UNITED STATES DISTRICT COURT SOUTHERN DISTRICT OF NEW YORK
Sep 22, 2016
15 Civ. 7508 (NRB) (S.D.N.Y. Sep. 22, 2016)

Opinion

15 Civ. 7508 (NRB)

09-22-2016

GREGORY IMBRUCE, GIDDINGS INVESTMENTS, LLC, GIDDINGS GENPAR LLC, HUNTON OIL GENPAR LLC, ASYM CAPITAL III LLC, GLENROSE HOLDINGS LLC and ASYM ENERGY INVESTMENTS LLC, Plaintiffs, v. AMERICAN ARBITRATION ASSOCIATION, INC., Defendant.


MEMORANDUM AND ORDER

Defendant American Arbitration Association, Inc. ("AAA") has moved to dismiss pursuant to Federal Rules of Civil Procedure 12(b)(1) and 12(b)(6) the First Amended Complaint filed ("Amended Complaint" or "Am. Compl.") by plaintiffs Gregory Imbruce, Giddings Investments, LLC, Giddings Genpar LLC, Hunton Oil Genpar LLC, Asym Capital III LLC, Glenrose Holdings LLC, and Asym Energy Investments LLC (collectively, "plaintiffs").

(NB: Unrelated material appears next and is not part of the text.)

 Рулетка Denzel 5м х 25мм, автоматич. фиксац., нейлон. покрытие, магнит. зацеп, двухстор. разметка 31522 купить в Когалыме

In an arbitration proceeding administered by AAA, plaintiffs brought claims against a number of nonparties to this litigation (the "Henry Parties"), who subsequently filed counterclaims against plaintiffs in that proceeding. In September 2015, two weeks after the arbitrator rendered an award including monetary damages in favor of the Henry Parties against plaintiffs, AAA assessed the Henry Parties a filing fee for a monetary damages claim, which fee the Henry Parties paid. Plaintiffs claim that this post-award fee assessment violated the AAA Commercial Arbitration Rules and Mediation Procedures (the "AAA Rules") that the AAA and the parties to the arbitration had agreed governed the proceeding. Plaintiffs bring claims against AAA under Connecticut state law for breach of contract, breach of the implied covenant of good faith and fair dealing, unjust enrichment, fraud, and violation of the Connecticut Unfair Trade Practices Act ("CUPTA"), Conn. Gen. Stat. § 42-110a, et seq., in addition to a claim for a declaratory judgment. For the following reasons, AAA's motion to dismiss pursuant to Rule 12(b)(6) is granted.

BACKGROUND

I. Factual History

AAA is a New York not-for-profit corporation that administers dispute resolution. Plaintiffs (or the "Imbruce Parties") are comprised of Gregory Imbruce and six LLCs; Imbruce is the sole member of each LLC. Plaintiffs are defendants in two actions brought by the Henry Parties in Connecticut Superior Court (the "Underlying Actions"). See Henry v. Imbruce, Nos. X08FSTCV125013927S, X08FSTCV126014987S (Conn. Super. Ct.). After the Imbruce Parties filed a demand for arbitration, and upon the Imbruce Parties' motion, the Underlying Actions were stayed in July 2014 pending conclusion of the arbitration.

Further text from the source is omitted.